** INFORMATION SUPPLIED follows **

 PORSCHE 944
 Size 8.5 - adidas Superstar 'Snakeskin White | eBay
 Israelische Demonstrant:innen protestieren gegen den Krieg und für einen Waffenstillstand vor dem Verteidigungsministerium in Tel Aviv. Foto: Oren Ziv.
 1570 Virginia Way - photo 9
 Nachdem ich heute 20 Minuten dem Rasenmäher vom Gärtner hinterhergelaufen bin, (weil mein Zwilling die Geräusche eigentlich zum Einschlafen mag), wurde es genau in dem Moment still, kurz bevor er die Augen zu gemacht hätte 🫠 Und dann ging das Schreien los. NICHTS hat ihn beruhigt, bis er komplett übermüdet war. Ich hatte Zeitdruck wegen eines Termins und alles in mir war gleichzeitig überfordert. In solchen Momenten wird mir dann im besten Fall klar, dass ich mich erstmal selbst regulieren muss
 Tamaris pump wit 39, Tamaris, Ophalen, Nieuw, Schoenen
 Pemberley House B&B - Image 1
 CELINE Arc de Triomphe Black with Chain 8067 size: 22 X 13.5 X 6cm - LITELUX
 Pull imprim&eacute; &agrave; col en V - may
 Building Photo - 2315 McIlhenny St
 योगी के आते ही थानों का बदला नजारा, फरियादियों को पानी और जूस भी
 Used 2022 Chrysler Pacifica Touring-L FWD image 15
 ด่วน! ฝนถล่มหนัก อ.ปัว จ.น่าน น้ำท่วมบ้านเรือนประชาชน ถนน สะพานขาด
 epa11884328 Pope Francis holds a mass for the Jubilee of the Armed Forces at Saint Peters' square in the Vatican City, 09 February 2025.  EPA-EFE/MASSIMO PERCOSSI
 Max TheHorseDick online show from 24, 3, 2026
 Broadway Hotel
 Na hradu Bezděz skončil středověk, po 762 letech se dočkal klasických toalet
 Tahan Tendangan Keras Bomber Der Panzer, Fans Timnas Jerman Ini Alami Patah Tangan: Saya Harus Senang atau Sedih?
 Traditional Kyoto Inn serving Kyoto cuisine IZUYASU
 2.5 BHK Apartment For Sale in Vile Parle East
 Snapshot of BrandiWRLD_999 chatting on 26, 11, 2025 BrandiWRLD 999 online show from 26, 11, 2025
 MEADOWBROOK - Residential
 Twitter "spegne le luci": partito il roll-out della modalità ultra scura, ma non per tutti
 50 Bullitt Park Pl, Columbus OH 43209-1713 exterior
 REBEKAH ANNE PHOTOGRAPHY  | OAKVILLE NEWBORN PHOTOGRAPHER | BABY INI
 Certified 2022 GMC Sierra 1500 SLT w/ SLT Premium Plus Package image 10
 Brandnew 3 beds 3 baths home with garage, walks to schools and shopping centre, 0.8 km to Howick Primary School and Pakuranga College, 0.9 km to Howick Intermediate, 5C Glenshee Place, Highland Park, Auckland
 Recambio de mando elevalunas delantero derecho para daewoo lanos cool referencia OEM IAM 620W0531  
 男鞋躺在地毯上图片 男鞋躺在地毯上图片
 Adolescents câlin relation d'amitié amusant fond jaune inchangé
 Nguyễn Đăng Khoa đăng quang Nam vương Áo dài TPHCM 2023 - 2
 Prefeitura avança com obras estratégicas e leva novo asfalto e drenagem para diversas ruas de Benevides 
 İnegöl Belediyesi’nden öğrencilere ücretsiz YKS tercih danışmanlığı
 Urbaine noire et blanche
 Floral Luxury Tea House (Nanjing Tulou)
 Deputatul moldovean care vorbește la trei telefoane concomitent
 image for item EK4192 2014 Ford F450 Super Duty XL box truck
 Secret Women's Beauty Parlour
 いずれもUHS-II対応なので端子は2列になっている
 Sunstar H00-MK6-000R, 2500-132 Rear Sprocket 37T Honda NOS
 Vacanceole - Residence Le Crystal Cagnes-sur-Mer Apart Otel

** End of INFORMATION SUPPLIED **

*ACTIVITY*
Among the records above, only the lines between the line holding "1570 Virginia Way - photo 9" and the line holding "non per tutti", inclusive, are to be output, exactly as written.

*FINISHED EXERCISE*
 1570 Virginia Way - photo 9
 Nachdem ich heute 20 Minuten dem Rasenmäher vom Gärtner hinterhergelaufen bin, (weil mein Zwilling die Geräusche eigentlich zum Einschlafen mag), wurde es genau in dem Moment still, kurz bevor er die Augen zu gemacht hätte 🫠 Und dann ging das Schreien los. NICHTS hat ihn beruhigt, bis er komplett übermüdet war. Ich hatte Zeitdruck wegen eines Termins und alles in mir war gleichzeitig überfordert. In solchen Momenten wird mir dann im besten Fall klar, dass ich mich erstmal selbst regulieren muss
 Tamaris pump wit 39, Tamaris, Ophalen, Nieuw, Schoenen
 Pemberley House B&B - Image 1
 CELINE Arc de Triomphe Black with Chain 8067 size: 22 X 13.5 X 6cm - LITELUX
 Pull imprim&eacute; &agrave; col en V - may
 Building Photo - 2315 McIlhenny St
 योगी के आते ही थानों का बदला नजारा, फरियादियों को पानी और जूस भी
 Used 2022 Chrysler Pacifica Touring-L FWD image 15
 ด่วน! ฝนถล่มหนัก อ.ปัว จ.น่าน น้ำท่วมบ้านเรือนประชาชน ถนน สะพานขาด
 epa11884328 Pope Francis holds a mass for the Jubilee of the Armed Forces at Saint Peters' square in the Vatican City, 09 February 2025.  EPA-EFE/MASSIMO PERCOSSI
 Max TheHorseDick online show from 24, 3, 2026
 Broadway Hotel
 Na hradu Bezděz skončil středověk, po 762 letech se dočkal klasických toalet
 Tahan Tendangan Keras Bomber Der Panzer, Fans Timnas Jerman Ini Alami Patah Tangan: Saya Harus Senang atau Sedih?
 Traditional Kyoto Inn serving Kyoto cuisine IZUYASU
 2.5 BHK Apartment For Sale in Vile Parle East
 Snapshot of BrandiWRLD_999 chatting on 26, 11, 2025 BrandiWRLD 999 online show from 26, 11, 2025
 MEADOWBROOK - Residential
 Twitter "spegne le luci": partito il roll-out della modalità ultra scura, ma non per tutti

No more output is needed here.